[Task to complete] Everything from the line containing "Thế Giới Game Thủ Chapter 371 - Trang 2" through the last line of the listing below should be returned exactly, except for pictures.

[Data in this exercise]
↓
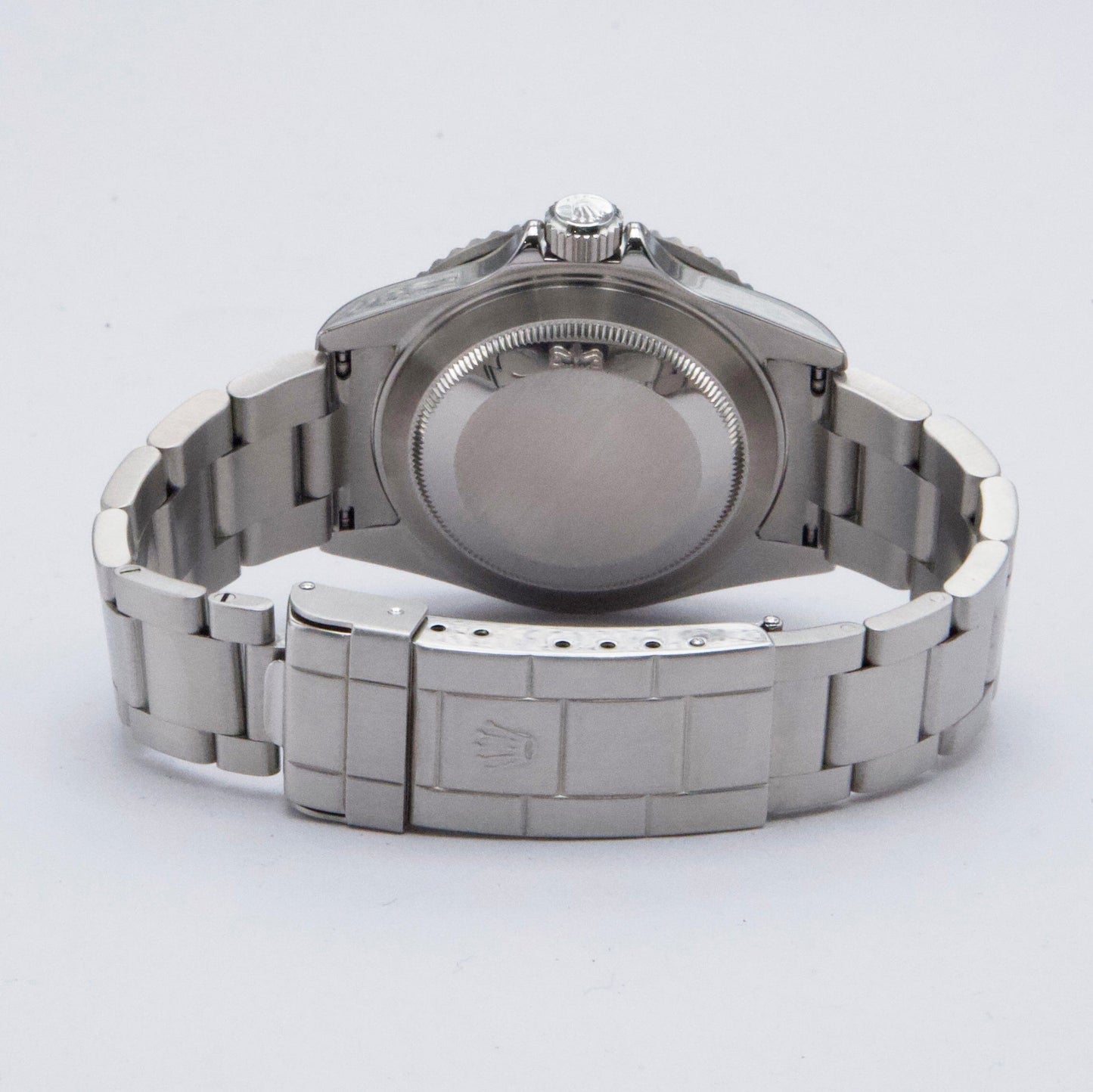 Rolex Submariner Date 16610LV Kermit Mens Watch Box Papers - Wristwatch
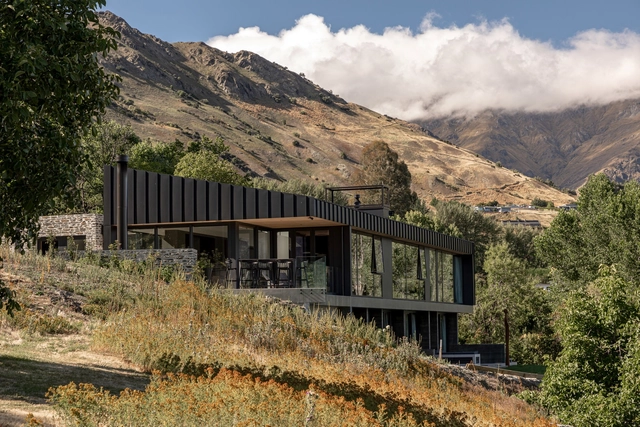 Lake Hayes House / Ben Hudson Architects - Exterior Photography, Houses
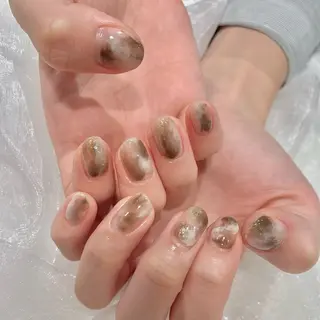 ネイル nailist🍒 ヤマザキのネイルデザイン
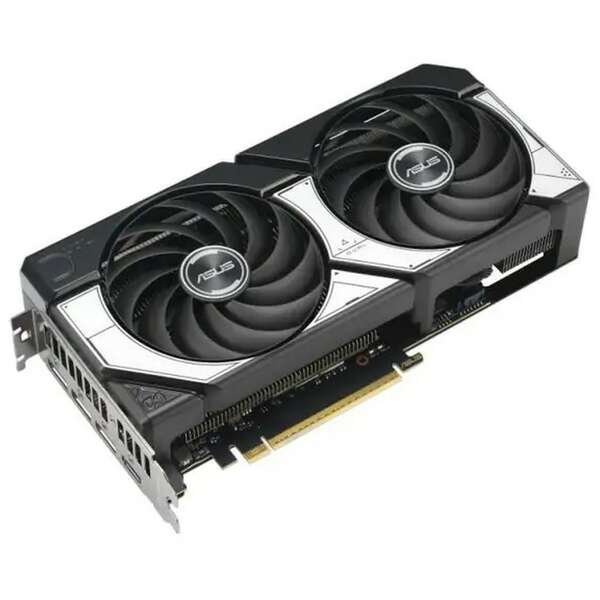 ASUS nVidia GeForce RTX 5070 12GB 192bit DUAL-RTX5070-O12G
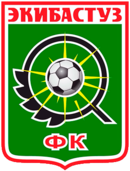 Logo du Ekibastouz FK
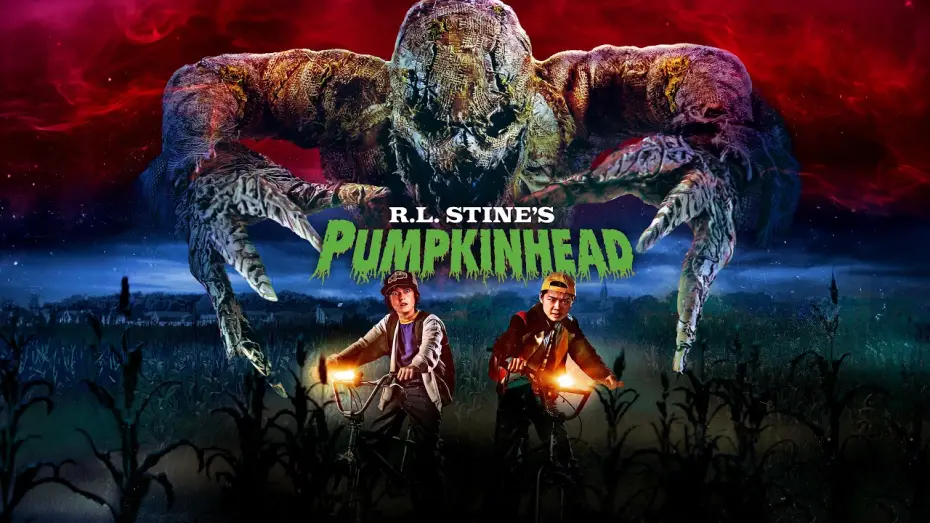 Video for the film R.L. Stine's Pumpkinhead — UK Trailer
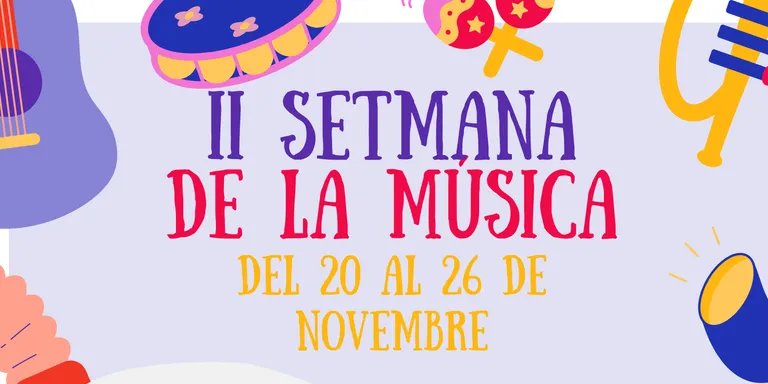 Un concert-vermut tancarà els actes de la II Setmana de la Música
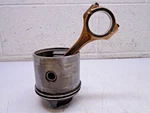 Cf3 Force Outboard 85hp Piston & Connecting Rod 700-f691015 600-818052a4. Fixed Price $39.95.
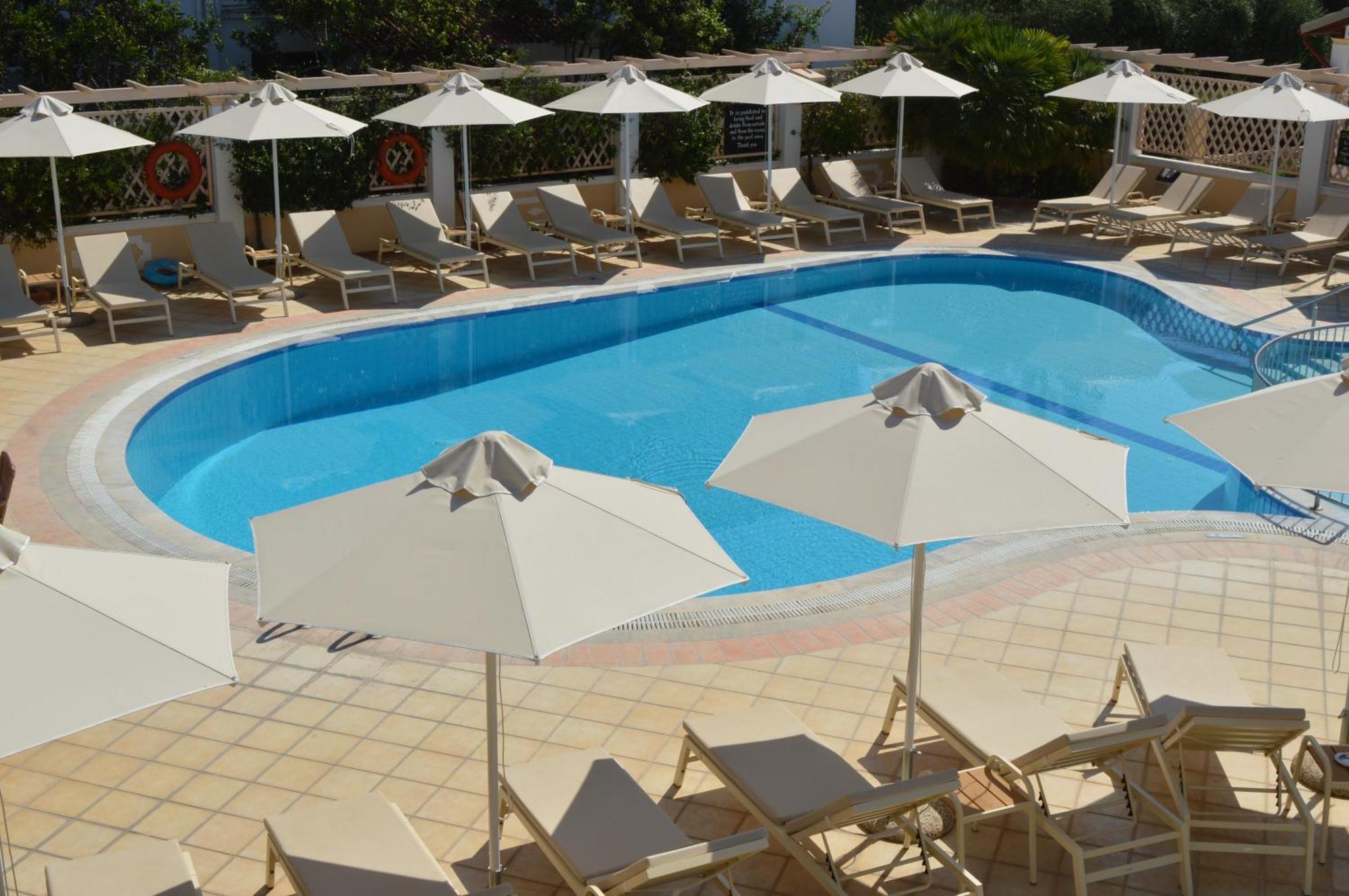 Metaxa Apartments Kávos Exterior foto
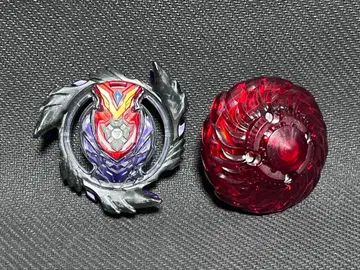 베이블레이드 버스트 격 갓 발키리 무한 완전체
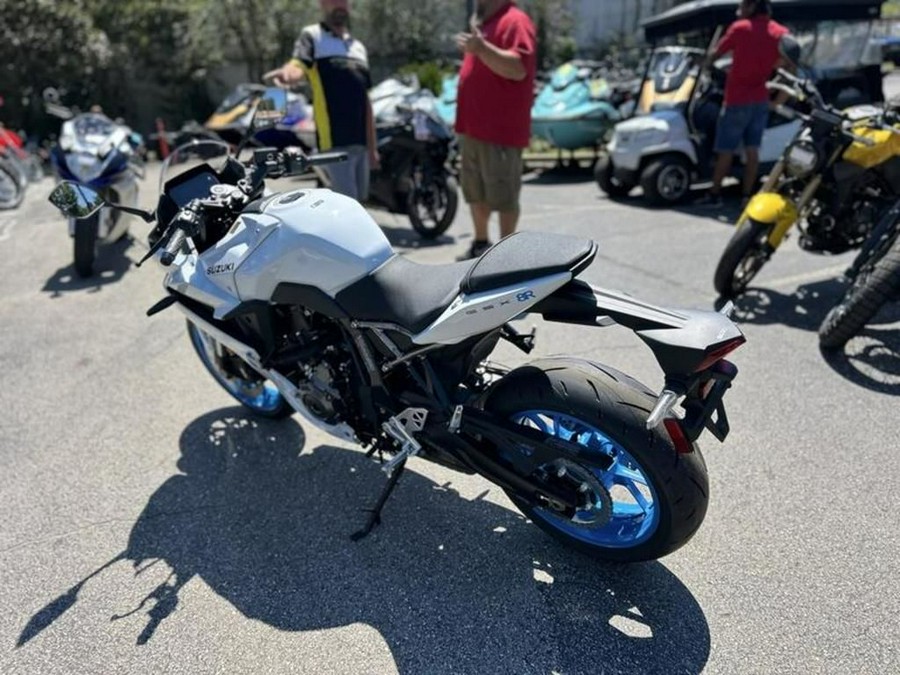 2026 Suzuki GSX-8R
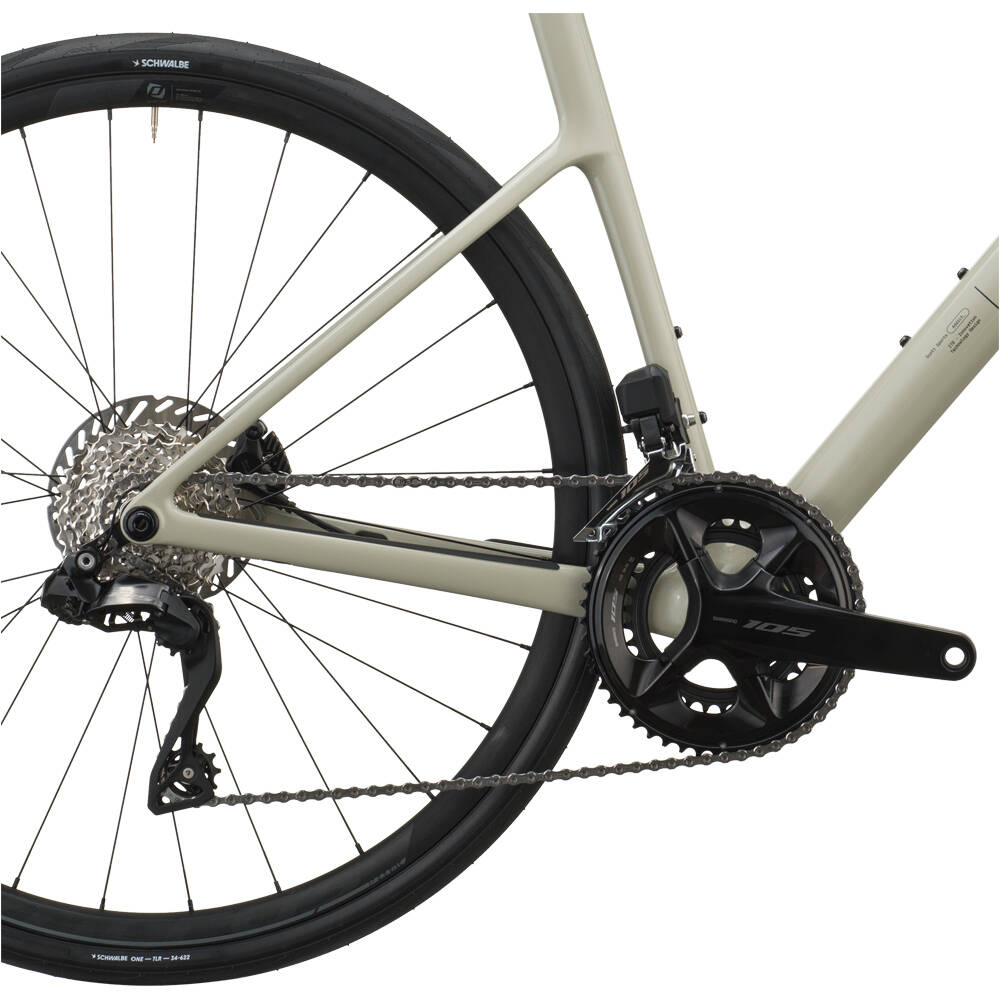 Scott bicicletas de carretera carbono ADDICT 40 03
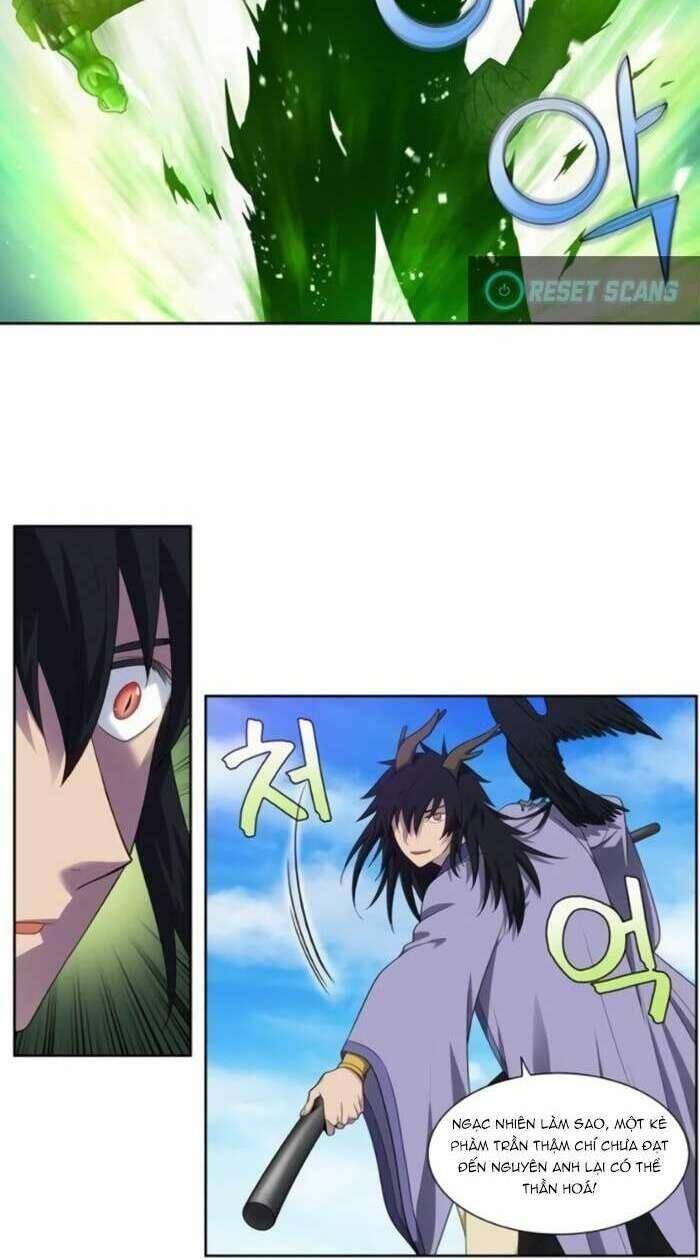 Thế Giới Game Thủ Chapter 371 - Trang 2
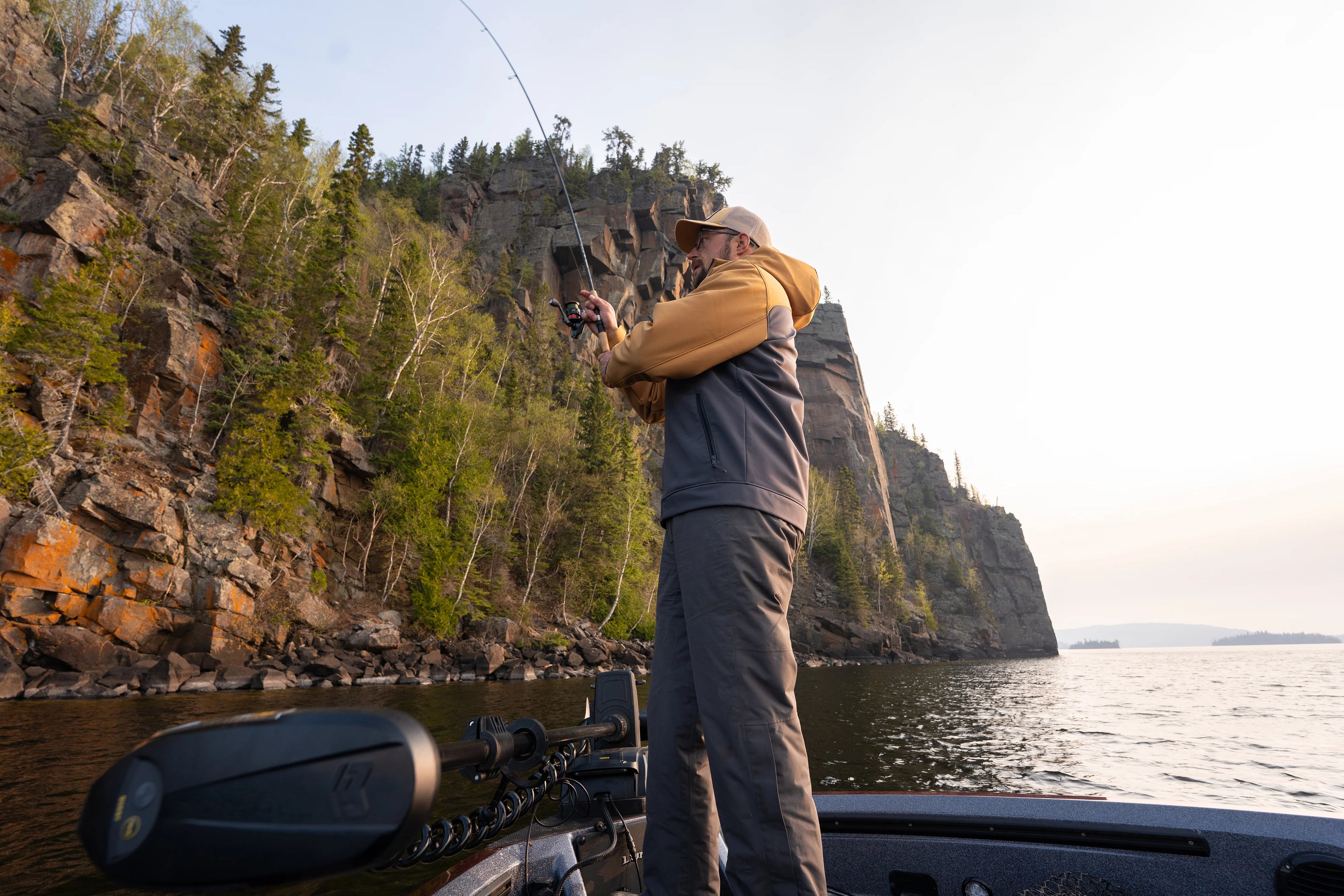 Premier Spinning Rod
↑
[Response to this task]
 Thế Giới Game Thủ Chapter 371 - Trang 2
 Premier Spinning Rod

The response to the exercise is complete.